Casser le thermomètre

Publié le par Jacques Michaud

Périodiquement, pour rendre certains chiffres moins inacceptables, les décideurs politiques font évoluer l'instrument de mesure. On change la règle pour aller dans un sens plus favorable et pour ne pas effaroucher les veaux ( c'est ainsi que De Gaulle désignait les Français : suivistes, toujours du côté du manche et la plupart du temps de l'avis de celui qui vient de parler). Dès lors qu'on change le mode de calcul si peu soit-ce (!!!) par exemple des statistiques du chômdu, volontairement on casse le thermomètre. Je te compte pas ceci, tu m'enlèves ça, j'applique un coefficient efficient et je retiens deux; même si personne n'est dupe, comme on dit : plus c'est gros, plus ça passe !
Un de mes frères, lui, avait mis au point une méthode plus douce pour fausser les chiffres quand ça l'arrangeait : quand il ne voulait pas aller à l'école, il n'hésitait pas à mettre le thermomètre sur le radiateur pendant que notre mère avait le dos tourné. Evidemment, tout est affaire de mesure, si je puis dire...il valait mieux ne pas porter la surchauffe à 41°C ! C'est ce qu'il a fait un jour, malgré tout. Nul n'est parfait et c'est ainsi que fut découvert le pot-aux-roses ( le poteau rose comme l'écrivait un de mes neveux qui avait pu développer le sens exact de la métaphore sur un autre objet. On ne saurait l'accabler car au fond connaît-on plus le sens du pot avec ses roses que de ce poteau-ci ?

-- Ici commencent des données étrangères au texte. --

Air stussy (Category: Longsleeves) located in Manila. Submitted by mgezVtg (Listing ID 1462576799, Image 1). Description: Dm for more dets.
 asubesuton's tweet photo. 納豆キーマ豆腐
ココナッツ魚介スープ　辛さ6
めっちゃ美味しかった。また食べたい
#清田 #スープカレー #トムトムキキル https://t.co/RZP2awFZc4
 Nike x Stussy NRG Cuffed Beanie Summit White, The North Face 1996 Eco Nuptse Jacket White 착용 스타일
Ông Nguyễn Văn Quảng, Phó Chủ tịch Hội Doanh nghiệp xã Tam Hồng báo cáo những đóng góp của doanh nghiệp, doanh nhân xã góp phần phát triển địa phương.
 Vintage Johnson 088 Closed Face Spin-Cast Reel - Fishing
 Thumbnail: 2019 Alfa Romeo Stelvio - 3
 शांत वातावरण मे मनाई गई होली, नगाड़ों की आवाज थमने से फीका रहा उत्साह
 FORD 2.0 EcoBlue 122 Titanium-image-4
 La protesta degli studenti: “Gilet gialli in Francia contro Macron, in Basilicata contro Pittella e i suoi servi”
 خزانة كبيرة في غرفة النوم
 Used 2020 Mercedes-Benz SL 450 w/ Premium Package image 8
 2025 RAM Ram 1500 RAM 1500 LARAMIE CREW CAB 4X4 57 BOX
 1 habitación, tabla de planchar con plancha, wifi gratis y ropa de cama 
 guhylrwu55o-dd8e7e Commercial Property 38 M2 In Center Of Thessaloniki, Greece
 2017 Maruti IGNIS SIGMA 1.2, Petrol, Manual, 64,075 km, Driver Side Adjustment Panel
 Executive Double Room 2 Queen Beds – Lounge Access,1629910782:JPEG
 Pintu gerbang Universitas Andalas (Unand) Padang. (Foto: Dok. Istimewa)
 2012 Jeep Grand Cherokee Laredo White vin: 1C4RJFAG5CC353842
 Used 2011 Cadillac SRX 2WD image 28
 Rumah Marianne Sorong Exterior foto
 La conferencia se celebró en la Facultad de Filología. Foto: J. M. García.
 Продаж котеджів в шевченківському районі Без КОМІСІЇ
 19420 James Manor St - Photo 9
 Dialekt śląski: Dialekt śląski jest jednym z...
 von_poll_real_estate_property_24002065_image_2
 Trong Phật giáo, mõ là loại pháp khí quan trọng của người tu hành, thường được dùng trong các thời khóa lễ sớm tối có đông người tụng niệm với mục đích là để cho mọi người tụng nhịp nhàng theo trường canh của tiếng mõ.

Quand on lit toutes les supputations que ce pot-là suscite, par exemple à
http://www.linternaute.com/expression/langue-francaise/37/decouvrir-le-pot-aux-roses/
on se félicite d'être un chroniqueur plus qu'un philologue...

C'est drôle, une expression bizarre s'est construite à mon ingré* : Casser le thermomètre avec l'eau du bain...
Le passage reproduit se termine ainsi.